§ TASK DETAILS
Would you transcribe the whole listing exactly, minus its pictures?

RECORDED DATA section start

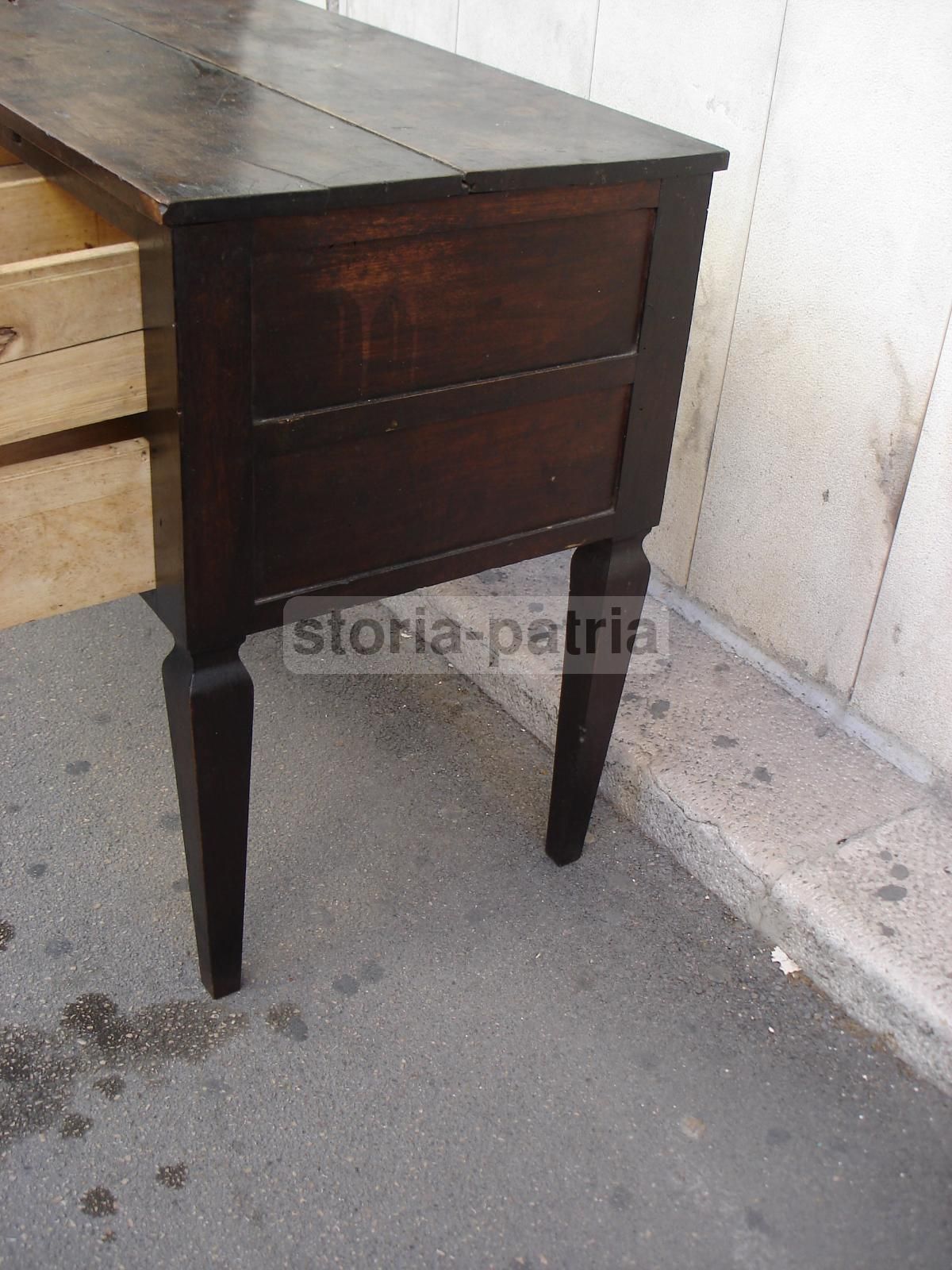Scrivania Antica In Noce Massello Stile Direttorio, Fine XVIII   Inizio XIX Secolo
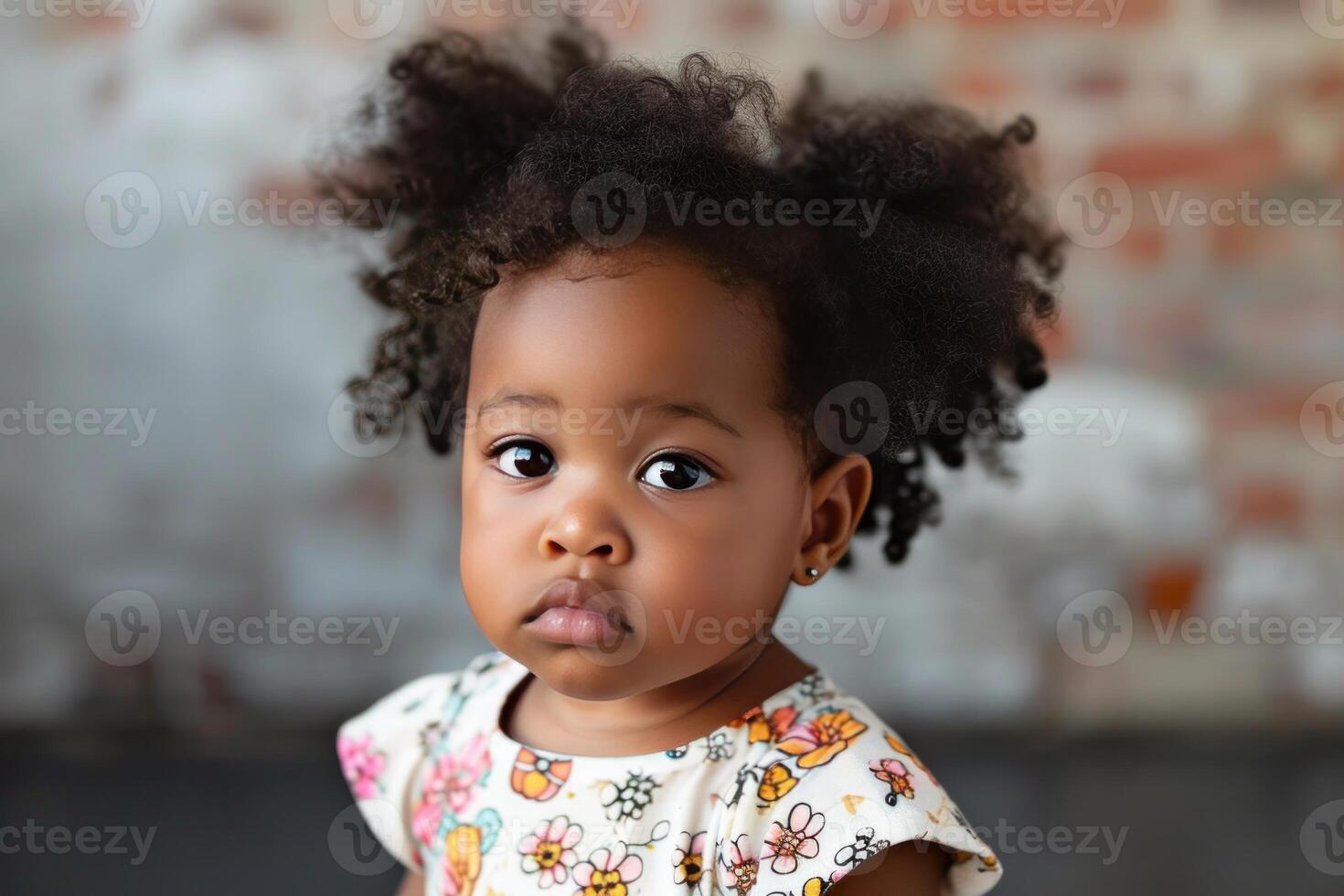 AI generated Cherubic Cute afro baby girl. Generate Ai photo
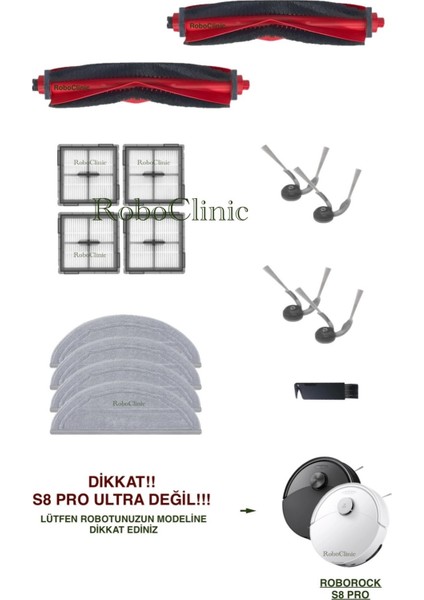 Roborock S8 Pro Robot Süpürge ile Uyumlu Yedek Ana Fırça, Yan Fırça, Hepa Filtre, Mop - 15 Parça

RECORDED DATA section end

§ TASK ANSWER
Scrivania Antica In Noce Massello Stile Direttorio, Fine XVIII   Inizio XIX Secolo
 AI generated Cherubic Cute afro baby girl. Generate Ai photo
 Roborock S8 Pro Robot Süpürge ile Uyumlu Yedek Ana Fırça, Yan Fırça, Hepa Filtre, Mop - 15 Parça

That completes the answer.